Sergey Alexandrovich Kryukov 27-Aug-13 21:23pm    
I don't like Perforce because I used it and compared with other system. Proprietary and over-complicated. There is no command-line interface and, to best of my knowledge, program interface which would allow 3rd parties to create clients. No options for different storage system.

Not-transactional commit if about VSS...

—SA
pasztorpisti 28-Aug-13 8:49am    
API: http://www.perforce.com/product/components/apis.

It has a commandline client and its one of the best I've ever used. Its output is usually very well parseable (probably on of the easiest to parse) and there is a -G option that sends python-marshalled deserializable data to the output.

Submit is transactional. The commit is made transactional by first locking all files in a change and then submitting them.

The visual studio plugin is not the best but I've seen some user-written VS plugins that are said to overcome this problem. I havent tried this because I don't like the VS-related SCM integrations so all I need in VS is that a file should be checked out automatically when I start modifying it, the vss plugin does this well. Along with VS I'm using the red/yellow client especially because there I can manage different changelists too. If I would be interested I would probably be able to write a simple very good VS plugin in C# (building on the VS plugin interfaces) just by issuing commands to the commandline (p4) executable. I'm just not in need of that and I'm lazy to do so.

Probably none of the other SCMs is able to handle such gigantic amount of data without any problems. It handles/stores text and binary files differently that is awesome. Its also free for personal use but you probably wouldn't be able to exploit its advantages at home and for home usage a decentralized SCM like git is probably a better choice. But git also sucks when it comes to large data, some zipped files or other binaries.

Not too long ago they introduced a shelve feature too (its like git stash).

Currently perforce is free for 20 users with 1 workspace per user. It can be a quite viable free solution even for serious small teams. To be honest I don't really care about the opensource nature when it comes to SCMs, I don't want to look at the sources... :-) In my opinion perforce is superior in many areas compared to other centralized SCMs, I like it.
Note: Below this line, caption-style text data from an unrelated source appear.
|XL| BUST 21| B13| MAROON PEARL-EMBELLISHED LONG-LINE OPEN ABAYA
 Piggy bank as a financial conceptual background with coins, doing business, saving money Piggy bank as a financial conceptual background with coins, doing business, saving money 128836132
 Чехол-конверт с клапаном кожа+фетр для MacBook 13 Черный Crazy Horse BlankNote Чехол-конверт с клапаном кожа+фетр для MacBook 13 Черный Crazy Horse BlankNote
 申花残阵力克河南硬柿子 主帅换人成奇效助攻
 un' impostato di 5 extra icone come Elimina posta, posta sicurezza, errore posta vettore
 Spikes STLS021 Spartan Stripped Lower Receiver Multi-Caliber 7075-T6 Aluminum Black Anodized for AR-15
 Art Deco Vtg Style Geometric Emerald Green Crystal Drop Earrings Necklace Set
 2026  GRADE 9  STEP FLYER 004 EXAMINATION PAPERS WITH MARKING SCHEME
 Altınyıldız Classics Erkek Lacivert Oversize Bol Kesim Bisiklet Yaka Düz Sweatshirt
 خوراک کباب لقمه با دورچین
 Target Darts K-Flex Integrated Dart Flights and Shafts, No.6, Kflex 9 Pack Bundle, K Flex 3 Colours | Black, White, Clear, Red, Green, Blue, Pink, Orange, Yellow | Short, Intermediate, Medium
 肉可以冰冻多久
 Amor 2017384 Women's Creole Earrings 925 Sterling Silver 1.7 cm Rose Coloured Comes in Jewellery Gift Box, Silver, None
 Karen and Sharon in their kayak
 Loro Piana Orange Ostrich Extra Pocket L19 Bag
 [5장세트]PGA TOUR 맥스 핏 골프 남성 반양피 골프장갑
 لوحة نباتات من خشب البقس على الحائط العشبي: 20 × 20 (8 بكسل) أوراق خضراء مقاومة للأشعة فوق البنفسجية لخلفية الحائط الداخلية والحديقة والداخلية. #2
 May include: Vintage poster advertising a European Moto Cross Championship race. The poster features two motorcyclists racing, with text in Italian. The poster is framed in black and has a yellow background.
"Google runs the busiest single Perforce server on the planet, and one of the largest repositories in any source control system." http://www.perforce.com/blog/110607/how-do-they-do-it-googles-one-server-trick
Sergey Alexandrovich Kryukov 28-Aug-13 11:55am    
Okay, good information, thank you. Remaining thing is: proprietary. And relatively high weight. Presently, I have to use AccuRev at work. Not bad, but, in my opinion, nothing can beat Subversion. I never needed to ask anyone how to use it, for example. In AccuRev, say, some operations are only on bitmap buttons, not main menu. No UI alternatives. In my opinion, UI which cannot be used without a mouse is not UI.

As to Visual Studio plug-ins, I never install any. I think this is too intrusive. There should be a clear concept: Revision Control captures all you do on certain files in certain directory. Yes, I know you can use both VS plug-in and another interface. By the way, VS handles external updates well enough. Anyway, selection of the Revision Control UI is up to each developer.